Nearly itinerant electronic groundstate in the intercalated honeycomb iridate Ag$_3$LiIr$_2$O$_6$

TL;DR

This study investigates the electronic and magnetic properties of Ag$_3$LiIr$_2$O$_6$, revealing a nearly itinerant electronic state with enhanced Ir-O hybridization and deviations from the local relativistic $j_{eff}=1/2$ state, impacting its magnetic behavior.

Contribution

It provides experimental and theoretical evidence that intercalation induces a nearly itinerant electronic structure and modifies magnetic moments in honeycomb iridates.

Findings

Intercalation leads to increased Ir-O hybridization.

Deviation from the $j_{eff}=1/2$ state enhances orbital contributions.
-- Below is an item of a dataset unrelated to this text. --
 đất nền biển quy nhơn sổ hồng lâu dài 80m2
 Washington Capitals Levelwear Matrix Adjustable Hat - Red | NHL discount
Magnetization density becomes spatially extended and asymmetric.

Abstract

We use x-ray spectroscopy at Ir L$_3$/L$_2$ absorption edge to study powder samples of the intercalated honeycomb magnet Ag$_3$LiIr$_2$O$_6$. Based on x-ray absorption and resonant inelastic x-ray scattering measurements, and exact diagonalization calculations including next-neighbour Ir-Ir electron hoping integrals, we argue that the intercalation of Ag atoms results in a nearly itinerant electronic structure with enhanced Ir-O hybridization. As a result of the departure from the local relativistic $j_{\rm eff}\! = \!1/2$ state, we find that the relative orbital contribution to the magnetic moment is increased, and the magnetization density is spatially extended and asymmetric. Our results confirm the importance of metal - ligand hybridazation in the magnetism of transition metal oxides and provide empirical guidance for understanding the collective magnetism in intercalated honeycomb iridates.